Molti valichi doganali minori inoltre sono chiusi da due giorni con il risultato di creare code lunghe chilometri nei valichi principali, sia in provincia di Varese che in Provincia di Como, costringendo i nostri cittadini ad affrontare ore fermi in automobile alla frontiera, con il pretesto di eseguire maggiori controlli di sicurezza su chi accede in Svizzera. Segnaliamo però che le forze di polizia svizzera non eseguono alcun controllo sanitario, bensì chiedono semplicemente i documenti senza l’utilizzo di mascherine o di altri dispositivi di protezione individuale.
L’incidenza di contagi attuale segnalata dalle autorità elvetiche è quasi pari a quella delle intera provincia di Varese o di Como, con la differenza che il Canton Ticino ha solo 350 mila abitanti a fronte dei 900mila della Provincia di Varese e dei 500mila di Como.

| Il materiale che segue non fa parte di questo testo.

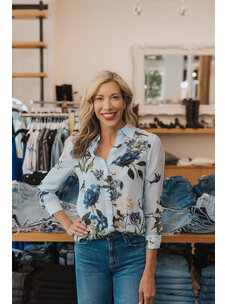 ALICE + OLIVIA WILLA PLACKET TOP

Nonostante questi dati, i provvedimenti igienico sanitari intrapresi dalle autorità oltreconfine sono nella misura di semplici raccomandazioni che ben conosciamo sul tenere la distanza e nell’igiene personale; solo da lunedì prossimo 16 marzo saranno chiuse le scuole, soltanto cinema teatri e palestre sono stati chiusi, mentre nessun provvedimento significativo è stato deciso per le attività commerciali, ristorative o produttive fatta eccezione per il rispetto della distanza di un metro tra le persone; inoltre solo le manifestazioni con grande afflusso di pubblico sono state vietate. Scriviamo questa lettera per far risuonare la voce dei nostri concittadini che, con più che comprensibile preoccupazione, ci domandano come si possa fermare l’epidemia se i sacrifici che stiamo compiendo in Italia rischiano di essere vanificati per via della diversità di restrizioni applicate oltreconfine. Qualsiasi sforzo compiuto dai nostri Comuni e dai nostri concittadini rischia di essere inutile se anche i settantamila frontalieri non verranno tutelati nei loro diritti dallo Stato Italiano e dalla Confederazione Elvetica.
Riteniamo indispensabile che le autorità italiane e svizzere decidano azioni coordinate per fronteggiare l’emergenza nonché per tutelare la salute dei frontalieri e delle loro famiglie che in questo momento stanno vivendo enormi disagi lavorativi e familiari, scongiurando qualsiasi caso di contagio di ritorno da oltreconfine.
Chiediamo anche al Governatore Attilio Fontana, informato della situazione che abbiamo descritto, di farsi promotore di questa nostra richiesta presso il Governo.
Certi di un Vs interessamento, auguriamo buon lavoro in questo momento difficile per la Nazione.